Stored data entries:
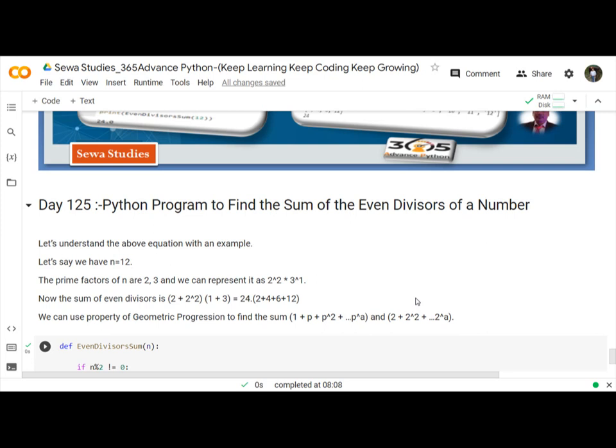If divisors are 1, 2, 3, 4, 6, and 12, the even divisors are 2, 4, 6, and 12, and their sum is 24.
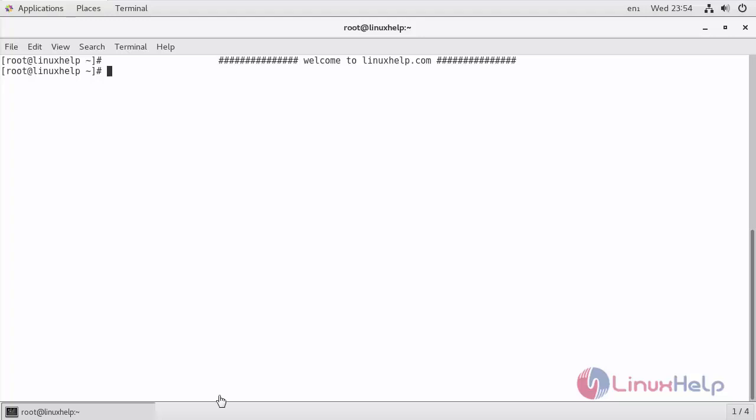Today we are going to see how to install Rancher. Rancher is an open source software that helps you run containers in production. With Rancher you don't need to build containers from scratch.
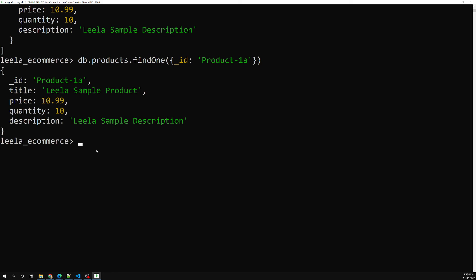So this is how we create a database, create a collection, and create a document in the collection. We have learned commands such as 'show databases', 'show collections', and 'insertOne' to insert a document. When we create a document, the collection is also created automatically. In the next video we'll see CRUD operations in MongoDB. Hope you understood — if you have any doubts please post comments below, and if you like this video please subscribe to my channel. Thank you.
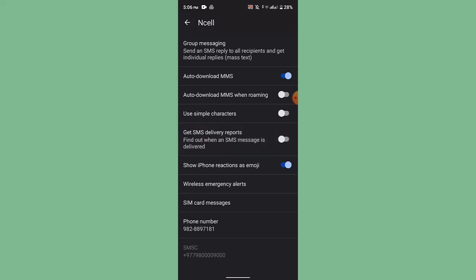That's how you can disable your RCS chats and messages. So that is all for this video. I hope the video was helpful. If it did help you, make sure to like, share, and subscribe to our channel. Thank you for watching. See you in the next video.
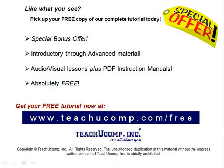Like what you see? Pick up your free copy of the complete tutorial at www.teachucomp.com forward slash free.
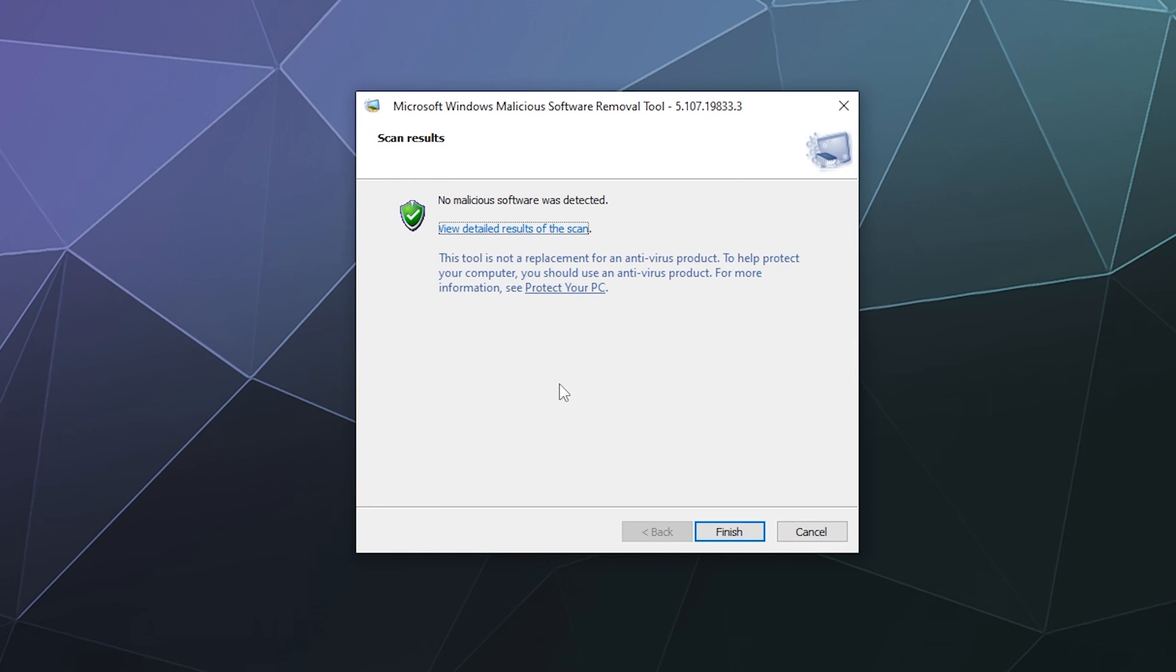So that'll be it for this one, ladies and gentlemen. This has just been a quick look at how you use the Windows malicious software removal tool. It's pretty quick and easy to use. I hope you found this tutorial helpful. I've been your host Larry. Don't forget to like and subscribe and I'll catch you next time. Bye everybody and toodles.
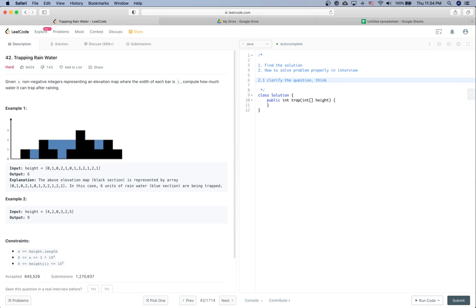We should also think about valid edge cases. For this problem, one edge case is: what if the input array is null? Then we definitely return 0. Also, if there are fewer than 3 bars — like 1 or 2 bars — then we can't hold any water, so we return 0 as well.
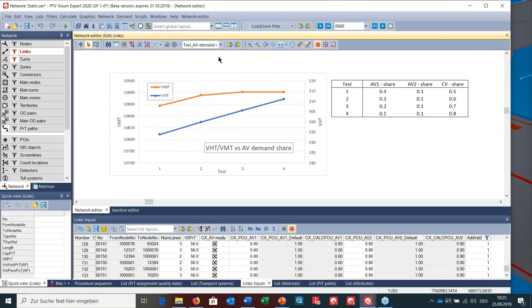You can also systematically investigate how the share of autonomous vehicles affects the total hours traveled and total miles traveled in the network. We ran four different tests where the AV1 share decreased from 40% to 10%, the AV2 share remained constant, and the share of conventional cars increased accordingly. We can see a linear increase of vehicle hours traveled in the network and a very slight increase of vehicle miles traveled. These are examples of how different scenarios can be tested; you can of course use all available tools and evaluations in the standard functionality of Visum.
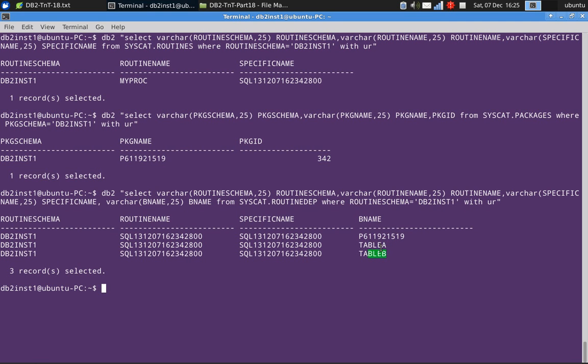This routine is dependent on table A and table B. Table A and table B are part of our SQL code. We are accessing table A, updating table A and updating table B. So it is showing it as the dependencies here.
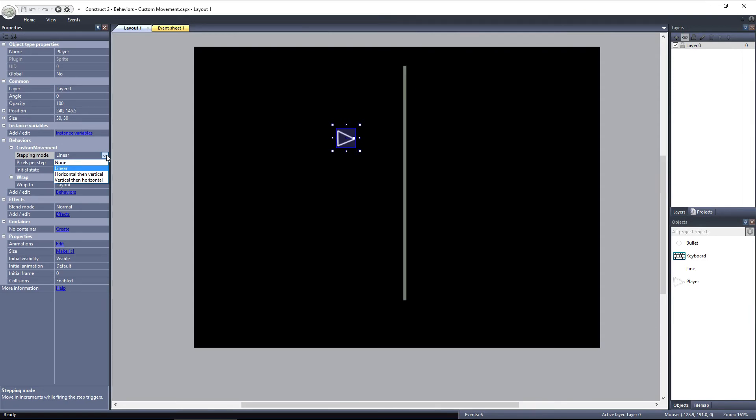Horizontal then Vertical will cause the object to step once on the X axis and then once on the Y axis, and then repeat until it reaches its destination. Vertical then Horizontal is just the opposite. It will step once along the Y axis and then once along the X axis.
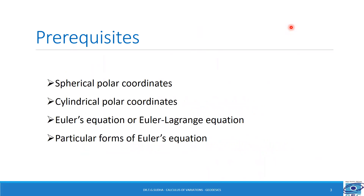In the previous session, we had studied the geodesics on a plane as well as on a sphere. In this session, let us study the geodesics on a right circular cylinder as well as a right circular cone. For that, we require the prerequisites: spherical polar coordinates, cylindrical polar coordinates, Euler's equation and particular forms of Euler's equation.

Assignment:
Please output the entries above exactly, leaving out every picture.

Task response:
If divisors are 1, 2, 3, 4, 6, and 12, the even divisors are 2, 4, 6, and 12, and their sum is 24.
Today we are going to see how to install Rancher. Rancher is an open source software that helps you run containers in production. With Rancher you don't need to build containers from scratch.
So this is how we create a database, create a collection, and create a document in the collection. We have learned commands such as 'show databases', 'show collections', and 'insertOne' to insert a document. When we create a document, the collection is also created automatically. In the next video we'll see CRUD operations in MongoDB. Hope you understood — if you have any doubts please post comments below, and if you like this video please subscribe to my channel. Thank you.
That's how you can disable your RCS chats and messages. So that is all for this video. I hope the video was helpful. If it did help you, make sure to like, share, and subscribe to our channel. Thank you for watching. See you in the next video.
Like what you see? Pick up your free copy of the complete tutorial at www.teachucomp.com forward slash free.
So that'll be it for this one, ladies and gentlemen. This has just been a quick look at how you use the Windows malicious software removal tool. It's pretty quick and easy to use. I hope you found this tutorial helpful. I've been your host Larry. Don't forget to like and subscribe and I'll catch you next time. Bye everybody and toodles.
We should also think about valid edge cases. For this problem, one edge case is: what if the input array is null? Then we definitely return 0. Also, if there are fewer than 3 bars — like 1 or 2 bars — then we can't hold any water, so we return 0 as well.
You can also systematically investigate how the share of autonomous vehicles affects the total hours traveled and total miles traveled in the network. We ran four different tests where the AV1 share decreased from 40% to 10%, the AV2 share remained constant, and the share of conventional cars increased accordingly. We can see a linear increase of vehicle hours traveled in the network and a very slight increase of vehicle miles traveled. These are examples of how different scenarios can be tested; you can of course use all available tools and evaluations in the standard functionality of Visum.
This routine is dependent on table A and table B. Table A and table B are part of our SQL code. We are accessing table A, updating table A and updating table B. So it is showing it as the dependencies here.
Horizontal then Vertical will cause the object to step once on the X axis and then once on the Y axis, and then repeat until it reaches its destination. Vertical then Horizontal is just the opposite. It will step once along the Y axis and then once along the X axis.
In the previous session, we had studied the geodesics on a plane as well as on a sphere. In this session, let us study the geodesics on a right circular cylinder as well as a right circular cone. For that, we require the prerequisites: spherical polar coordinates, cylindrical polar coordinates, Euler's equation and particular forms of Euler's equation.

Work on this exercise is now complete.